Definition

A Support Vector Machine (SVM) is a supervised machine learning algorithm used for classification (mainly) and regression.

  • Core idea: Find the best separating hyperplane that maximizes the margin between different classes.
  • It uses support vectors (the critical data points closest to the decision boundary) to define that hyperplane.

Intuition

  • Suppose you have two classes of points in 2D. Many lines can separate them.
  • SVM chooses the one that maximizes the margin (distance between boundary and nearest points of each class).
  • This leads to better generalization.

Mathematics

  1. Decision Function (linear case):

$f(x) = w \cdot x + b$

  • $w$: weight vector (normal to the hyperplane)
  • $b$: bias (offset)
  1. Classification Rule:

$\hat{y} = \text{sign}(w \cdot x + b)$

  1. Margin:

$\text{Margin} = \frac{2}{\|w\|}$

  • SVM maximizes this margin while correctly classifying the training data (or with minimal errors).

Support Vectors

  • The data points closest to the hyperplane.
  • They determine the position and orientation of the decision boundary.
  • Other points don’t matter once the hyperplane is set.

Kernel Trick

  • When data is not linearly separable, SVM uses a kernel function to map data into a higher-dimensional space where it becomes separable.
  • Common kernels:
    • Linear
    • Polynomial
    • Radial Basis Function (RBF / Gaussian)
    • Sigmoid

Example: In 2D, a circle vs background is not linearly separable.

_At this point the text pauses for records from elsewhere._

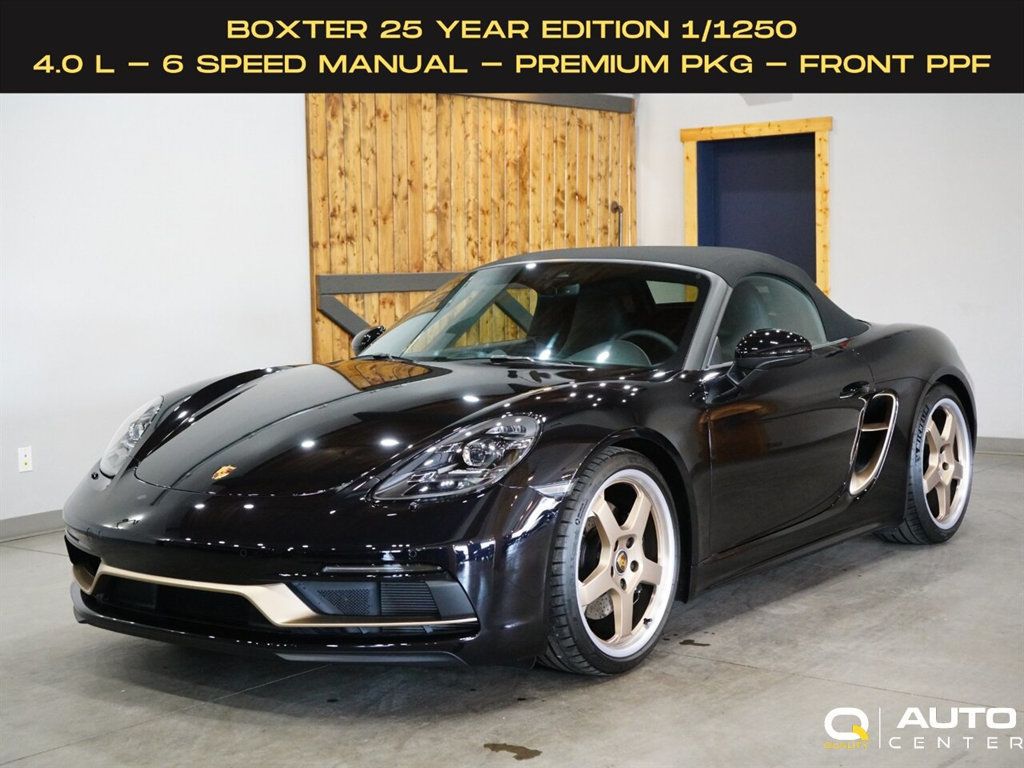 2022 Porsche 718 Boxster 25 Years Roadster - 22486951 - 0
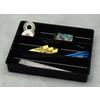 Drawer Director, Black, 15" W x 2-3/8" H x 12" D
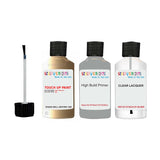 Paint For Toyota 4 Runner Light Topaz Code 4E1 Touch Up Paint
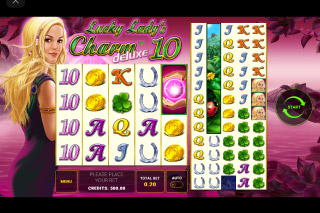 Lucky Lady's Charm Deluxe 10 Mobile Slot Game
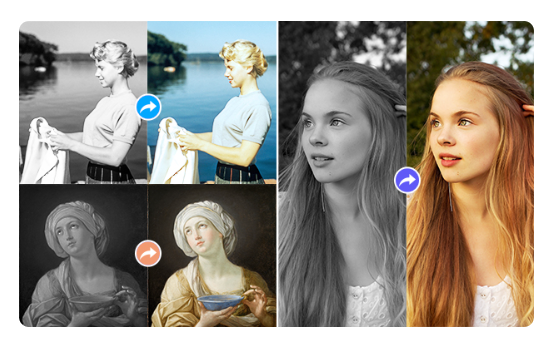 【AI资讯】免费黑白照片上色 还原真实色彩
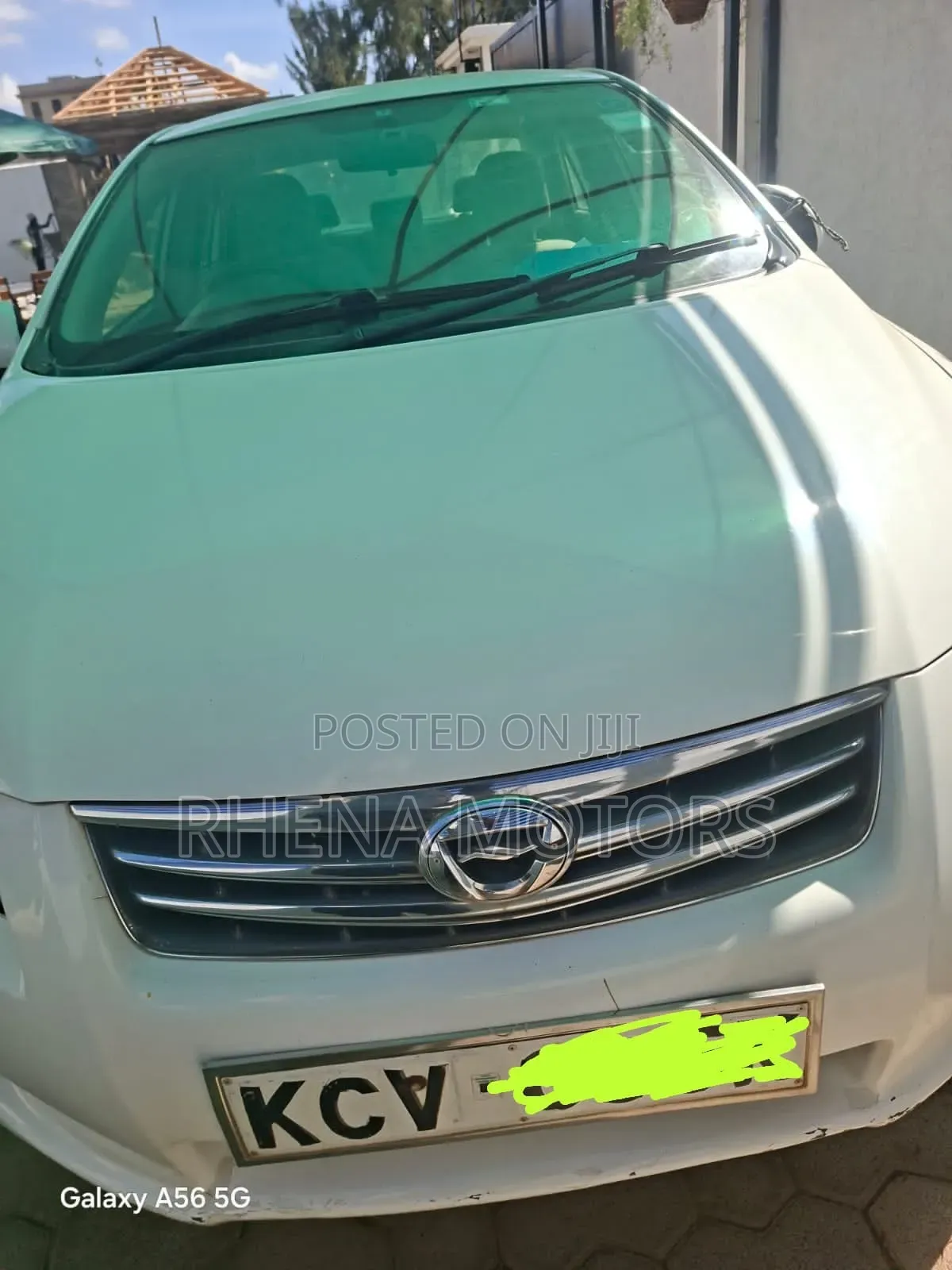 Toyota Axio 2012 White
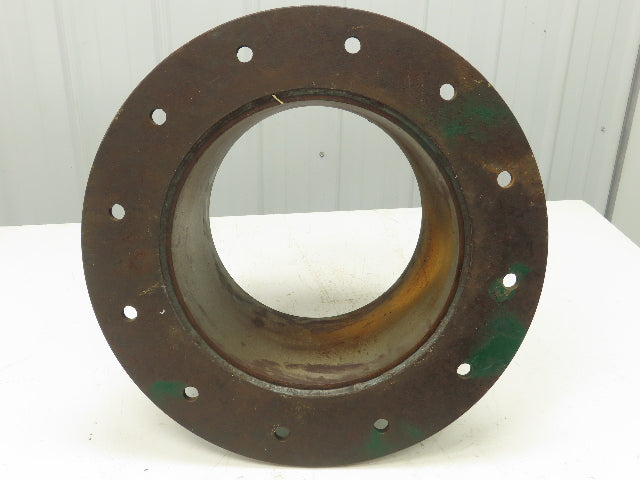 Steel Pipe Flanged Hose Barb Fitting Adapter 14" Hose ID 12-Bolt Flange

Mapping to higher dimension (radius) makes it separable.

Types of SVMs

  1. Hard-Margin SVM
    • Assumes perfect separation (no misclassification).
    • Works only if data is clean and separable.
  2. Soft-Margin SVM
    • Allows some misclassification (controlled by penalty parameter $C$).
    • Balances margin maximization with classification errors.
  3. Support Vector Regression (SVR)
    • Extension of SVM for regression tasks.
    • Fits within an ϵ\epsilonϵ-tube around the true values.

Advantages

Works well with high-dimensional data.
Effective when classes are separable or nearly separable.
Kernel trick allows flexible decision boundaries.
Uses only support vectors → efficient in memory.

Disadvantages

Training can be slow on very large datasets.
Choice of kernel and parameters is critical.
Less interpretable than linear regression or logistic regression.

Applications

  • Text classification (spam detection, sentiment analysis)
  • Image recognition (face detection, handwriting recognition)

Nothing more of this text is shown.